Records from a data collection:
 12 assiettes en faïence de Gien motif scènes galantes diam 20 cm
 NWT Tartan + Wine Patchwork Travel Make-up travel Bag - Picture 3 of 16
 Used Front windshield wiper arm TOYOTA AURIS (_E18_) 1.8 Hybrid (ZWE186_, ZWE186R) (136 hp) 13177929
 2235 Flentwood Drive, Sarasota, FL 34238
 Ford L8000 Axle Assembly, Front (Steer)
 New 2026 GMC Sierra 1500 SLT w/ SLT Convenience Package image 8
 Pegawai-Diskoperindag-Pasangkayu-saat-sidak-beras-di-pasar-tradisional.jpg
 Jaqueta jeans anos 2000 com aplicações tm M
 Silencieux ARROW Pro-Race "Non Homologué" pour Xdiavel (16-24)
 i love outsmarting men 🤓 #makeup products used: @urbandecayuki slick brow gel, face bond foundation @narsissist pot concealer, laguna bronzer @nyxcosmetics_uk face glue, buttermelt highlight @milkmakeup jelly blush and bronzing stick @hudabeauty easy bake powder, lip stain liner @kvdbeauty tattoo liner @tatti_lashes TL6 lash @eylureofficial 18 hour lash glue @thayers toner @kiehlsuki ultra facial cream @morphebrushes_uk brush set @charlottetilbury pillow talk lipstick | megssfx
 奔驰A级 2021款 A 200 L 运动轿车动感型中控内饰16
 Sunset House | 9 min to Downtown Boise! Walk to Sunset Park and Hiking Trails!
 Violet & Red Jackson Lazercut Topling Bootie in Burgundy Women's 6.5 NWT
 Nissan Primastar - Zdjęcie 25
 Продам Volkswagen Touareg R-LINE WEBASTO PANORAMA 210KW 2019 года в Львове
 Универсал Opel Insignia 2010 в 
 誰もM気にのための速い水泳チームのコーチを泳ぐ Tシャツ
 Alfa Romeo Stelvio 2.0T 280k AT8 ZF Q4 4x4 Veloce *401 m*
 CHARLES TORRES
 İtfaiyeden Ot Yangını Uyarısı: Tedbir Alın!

* **WORK TASK**
Your reply should consist only of the lines from the one containing "Продам Volkswagen Touareg" through the last line of the records, each reproduced exactly.

* **TASK RESULT**
 Продам Volkswagen Touareg R-LINE WEBASTO PANORAMA 210KW 2019 года в Львове
 Универсал Opel Insignia 2010 в 
 誰もM気にのための速い水泳チームのコーチを泳ぐ Tシャツ
 Alfa Romeo Stelvio 2.0T 280k AT8 ZF Q4 4x4 Veloce *401 m*
 CHARLES TORRES
 İtfaiyeden Ot Yangını Uyarısı: Tedbir Alın!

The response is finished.